What Happens When Fitness Goes Back to Basics?
- Raul Smith
- Sep 25, 2025
- 3 min read
I used to believe that staying healthy meant keeping the most recent tech strapped to my wrist. Keeping up with heart-rate monitors, calorie counters, apps telling you when to breathe—it just seemed endless measurement. The more I tried to stay up, the more I felt pushed away from what exercise was: moving my body, feeling alive, not running after numbers on a screen.
The Day I Left the Watch on the Nightstand
I left the watch on the nightstand. One morning it was snowing in Milwaukee, and when I woke up, I looked at my smartwatch. "Not today," I said to myself. Its battery was running low, and so was I. Instead of recharging it, I took a jump rope out of a drawer that had not seen the light of day for years.
Ten minutes later, I was panting; my legs were on fire, arms sore–but my head was clear. That simple rope was giving me more satisfaction than all the subscriptions to those expensive fitness places I’d tried. Not once was I tracking steps or closing rings. I was just moving, like as a kid.
That morning made me wonder: maybe all these tools are good, but maybe they’ve turned fitness into a job and not a release.
A chat in Miami
It wasn’t long before I had business in Miami; and between meetings, over coffees I found myself talking to a
working on health and wellness apps. We compared notes: me, the tired user, and him, the builder behind the curtain.
His honesty is what struck me. He said that sometimes the apps go too far with it, constant reminders almost guilt-tripping the users. “People want help, not pressure,” I said in agreement with him because I knew exactly what he meant. I’d done more silencing of notifications than exercising because of them.
Where Mobile App Development Fits Into the Picture
I started noticing something interesting back in Milwaukee. Even in world of
, where teams are busy building tools for tracking and optimizing everything, there’s this quiet shift. Developers are talking more about simplicity—apps that guide without overwhelming, that encourage without nagging.
It reminded me of the tech versus humans argument. It can work in partnership if used correctly. But the trick is to remember that it should be about serving people, not the other way around: the tail shouldn’t wag the dog.
Rediscovering Basics
I started changing up how I worked out. Pushups on the floor of the living room. Jogging without headphones, just hearing the crunch of gravel under my shoes. Stretching before sleep instead of scrolling for the “perfect” 10-minute routine online.

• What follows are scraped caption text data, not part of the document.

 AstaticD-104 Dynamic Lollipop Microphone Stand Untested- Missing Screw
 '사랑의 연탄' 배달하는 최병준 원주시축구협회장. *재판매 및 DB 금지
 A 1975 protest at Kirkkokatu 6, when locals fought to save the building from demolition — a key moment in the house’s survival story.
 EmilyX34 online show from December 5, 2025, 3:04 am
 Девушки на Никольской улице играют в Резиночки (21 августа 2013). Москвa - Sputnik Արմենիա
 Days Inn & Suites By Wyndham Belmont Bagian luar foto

That is so funny. I actually liked this better. It wasn’t pretty workout performance or impressive logged data–it was existence. I didn’t have to be told to move; I moved because it felt good.
The Balance We’re All Looking For
I’m not anti-tech. Far from it. That jump rope moment in Milwaukee didn’t erase the value of apps—it made me rethink how I use them. Fitness trackers may show patterns, apps may teach new exercises, and smart tools may keep us motivated when willpower is what falls
But, keeping the score on tracking, timing, and gamifying everything may let us forget about one simple enjoyment of life – moving. And for that, getting back to the basics is necessary. An amalgamation of both the old and the new probably is what all of us require.

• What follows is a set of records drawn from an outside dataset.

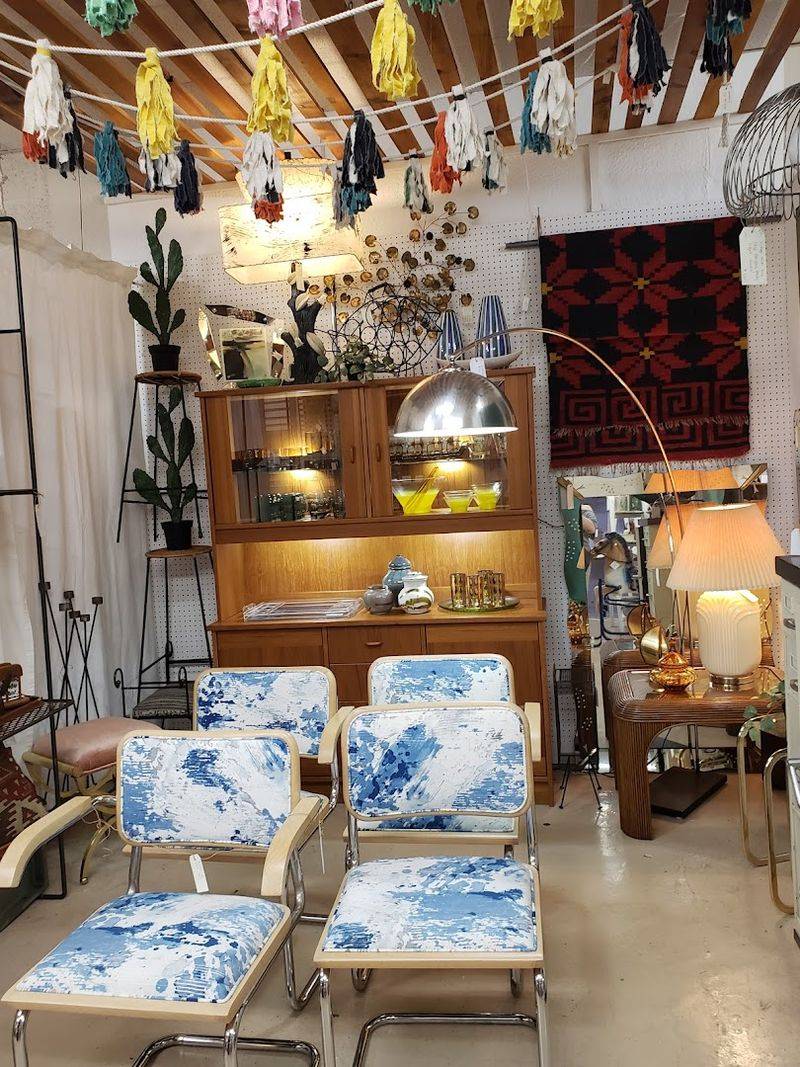 Mid-Century Modern and Kitschy Decor Booths Mid-Century Modern and Kitschy Decor Booths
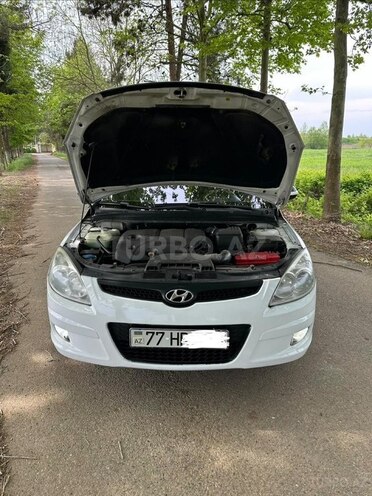 Hyundai i30-8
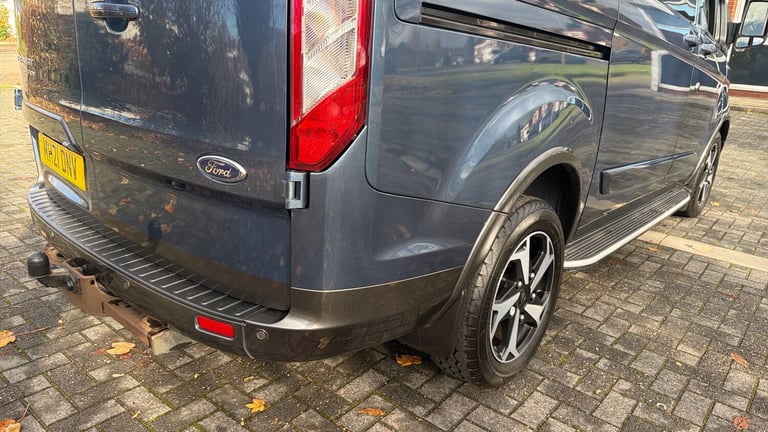 2021 Ford Transit Custom 320 L1 Diesel Fwd 2.0 EcoBlue 170ps Low Roof D/Cab Active Van Auto Crew ...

Talks with developers, whether in Miami or Milwaukee, have shown me that the industry is beginning to realize this too.
And me? I don’t have to give up tech to reclaim the basics. I just have to use it more intentionally.
Closing Thought
I look back to that snowy morning, and I think that was the first time in a long while I had felt free from the ‘numbers game.’ No graphs, no pings, no pressure. Just movement.
Perhaps that is the point: the best way to approach health regimes is not necessarily with all the analytics but just getting up and out there sweating it out with an old jump rope or even just smiling.